In a time in which government and centralized institutions of all sorts have let us down, the incentives need to be grass-roots, community-based, innovative, perhaps not replicable from one situation to the next, exciting, flexible, people oriented, life giving, and perhaps most daunting of all, compatible with existing power structures.
All of us need to be thinking and reaching, willing to listen and learn, experiment and take risks. In the meantime, go out and earn enough money to pay your exorbitant rent!
Jeffrey Black lives in Sebastopol, California.
It's difficult to overstate the dangers inherent in the rich-get-richer nature of present-day capitalism. During one recent 12-month period (September 1, 1997 to September 1, 1998), the combined wealth of the Forbes 400 richest Americans soared $114 billion. On average, that's an additional $285 million for each of the nation's already-wealthiest. What social or economic contribution could plausibly justify that?

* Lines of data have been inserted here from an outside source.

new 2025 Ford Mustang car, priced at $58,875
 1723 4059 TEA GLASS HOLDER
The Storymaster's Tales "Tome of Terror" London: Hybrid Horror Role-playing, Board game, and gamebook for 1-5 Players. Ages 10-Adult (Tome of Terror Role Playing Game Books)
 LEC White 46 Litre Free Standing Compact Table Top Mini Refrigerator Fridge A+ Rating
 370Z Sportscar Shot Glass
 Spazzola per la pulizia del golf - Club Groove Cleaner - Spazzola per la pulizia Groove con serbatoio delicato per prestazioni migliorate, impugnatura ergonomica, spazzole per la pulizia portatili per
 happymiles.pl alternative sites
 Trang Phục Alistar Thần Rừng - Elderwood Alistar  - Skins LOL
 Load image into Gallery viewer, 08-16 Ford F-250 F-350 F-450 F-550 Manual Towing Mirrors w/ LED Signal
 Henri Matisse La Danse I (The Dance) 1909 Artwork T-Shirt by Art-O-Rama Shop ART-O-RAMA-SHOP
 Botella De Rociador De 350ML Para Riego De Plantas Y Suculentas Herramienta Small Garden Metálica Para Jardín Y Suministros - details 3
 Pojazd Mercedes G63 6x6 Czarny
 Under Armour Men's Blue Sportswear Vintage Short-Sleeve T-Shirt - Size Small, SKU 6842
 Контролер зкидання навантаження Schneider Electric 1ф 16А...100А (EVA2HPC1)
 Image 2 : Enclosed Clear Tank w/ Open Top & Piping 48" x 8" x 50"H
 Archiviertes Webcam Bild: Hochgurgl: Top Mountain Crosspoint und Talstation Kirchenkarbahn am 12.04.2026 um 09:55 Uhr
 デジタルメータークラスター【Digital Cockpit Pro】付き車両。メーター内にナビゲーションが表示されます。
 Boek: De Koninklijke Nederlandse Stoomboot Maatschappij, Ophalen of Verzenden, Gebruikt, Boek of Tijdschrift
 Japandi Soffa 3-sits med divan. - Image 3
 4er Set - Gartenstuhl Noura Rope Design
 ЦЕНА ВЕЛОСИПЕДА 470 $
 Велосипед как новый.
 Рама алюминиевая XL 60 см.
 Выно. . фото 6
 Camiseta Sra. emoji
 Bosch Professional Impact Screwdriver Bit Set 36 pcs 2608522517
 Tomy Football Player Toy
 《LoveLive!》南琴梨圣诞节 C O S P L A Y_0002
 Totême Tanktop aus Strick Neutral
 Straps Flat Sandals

If that were wages earned at 40 hours a week over a traditional 50-week year, that would be $97,603 an hour. That puts the hourly increase in their wealth at 18,416 times the federal minimum wage. Good work if you can get it.
This is hardly a novel phenomenon; only the eye-popping figures are new. Projections through 1997 indicate that 86 percent of stock market gains between 1989 and 1997 were pocketed by the top 10 percent of households while 42 percent flowed to the most well-to-do one percent. A rising tide lifts all yachts.
From 1983 to 1995 (the latest Fed figures), only the top five percent of households saw an increase in their net worth while only the top 20 percent experienced any increase in their income. Average wealth fell for everyone else. Median financial wealth (net worth less home equity) was $11,700 in 1997, lower than in 1989. In 1996, the Census Bureau reported record-level inequality, with the top fifth of households claiming 48.2 percent of national income while the bottom fifth gets by on just 3.6 percent. The middle class now has enough savings to maintain their current standard of living for all of 1.2 months (if, for example, they lost their jobs). That's down from 3.6 months in 1989.
With 76 million baby-boomers, voters all, barreling toward retirement in a grotesquely undercapitalized condition, the fiscal implications attending these economic disparities are staggering, as are the implications for price stability.
It's time for us to take this country back. Nothing less than a radical redesign of free enterprise will do. If we aim to have a sustainable capitalism, we must have a capitalism that's comprehensively peoplized, profoundly human-sized, and at least partially localized. Absent that, it will never become truly community-wise, the only true measure of sustainability.
Today's divisive, disconnected, and dumbed-down system is a caricature of the "self design" that Adam Smith envisioned. The corporation as a legal person responds to values chosen by its shareholders. At present, most publicly traded corporations operate largely in "default mode." That's because, with more than $17 trillion in the hands of money managers, it's no longer self design but "money on automatic" that's the animating feature of global capitalism as institutional investors comb the globe for the best financially denominated returns.
Ironically, the element most obviously missing in this self-designed system is the self. Instead, today's "show me the money" mentality means that financial values have become an accepted proxy for a vast array of other values, including social and environmental values. As a nation, we've become progressively less interested in making the world safe for democracy. Instead, today's finance-speak "economism" has driven us to become consumed with making the world safe for financial capital.
The good news is this: today's model is certifiably broken - despite the beguiling optics of a raging Dow. That means we can begin to fix it. Much of the market's run-up is doubtless attributable to a demographically sensitive pay-in phenomenon (as baby boomers age), yet with no concern for what happens when this demographic bubble shifts into draw-down mode. Just who is going to buy all those securities? Now is the best chance we may have for a genuine paradigm shift.
Jeff Gates is former counsel to the US Senate Committee on Finance and author of The Ownership Solution (Addison Wesley, 1998).